To do: Pictures aside, every line of the listing should be given again exactly.

Input data:
------------------------------------

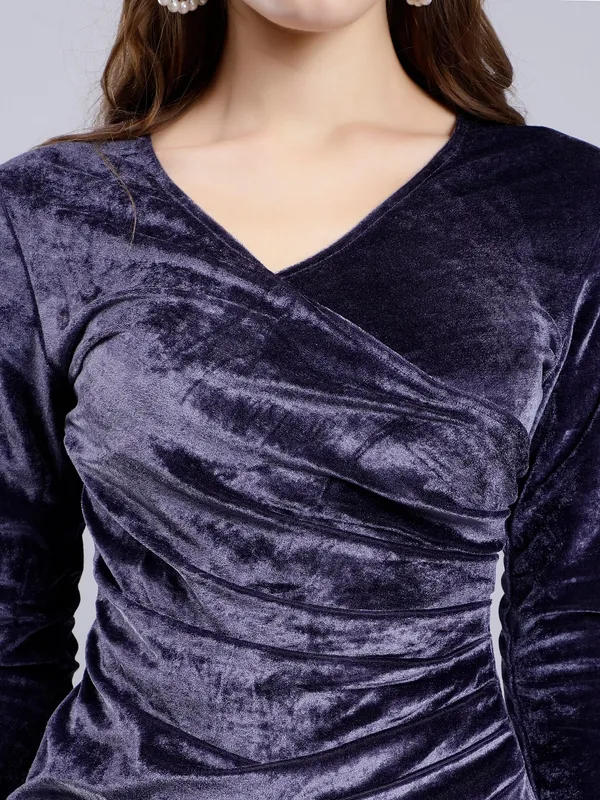 Dark_Blue_Velvet_Bodycon_Dress_For_Women
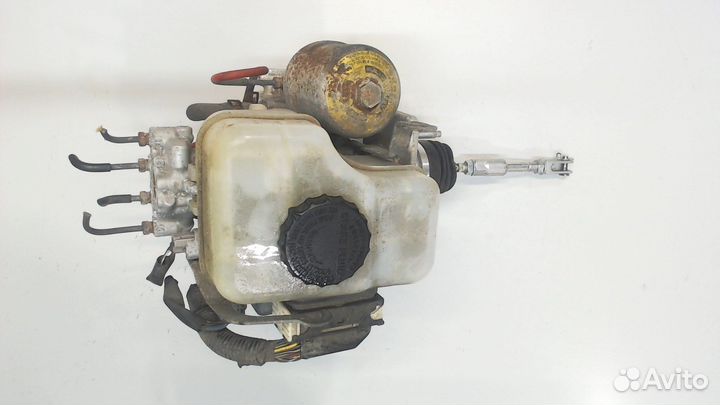 Цилиндр тормозной главный Toyota FJ Cruiser, 2008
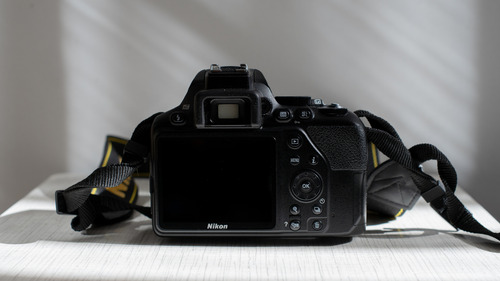 Nikon D3500 Dslr 18-55mm 24.2 Mp + Lente 50mm F1.8 Filtro Uv (Usado)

------------------------------------

Result:
 Dark_Blue_Velvet_Bodycon_Dress_For_Women
 Цилиндр тормозной главный Toyota FJ Cruiser, 2008
 Nikon D3500 Dslr 18-55mm 24.2 Mp + Lente 50mm F1.8 Filtro Uv (Usado)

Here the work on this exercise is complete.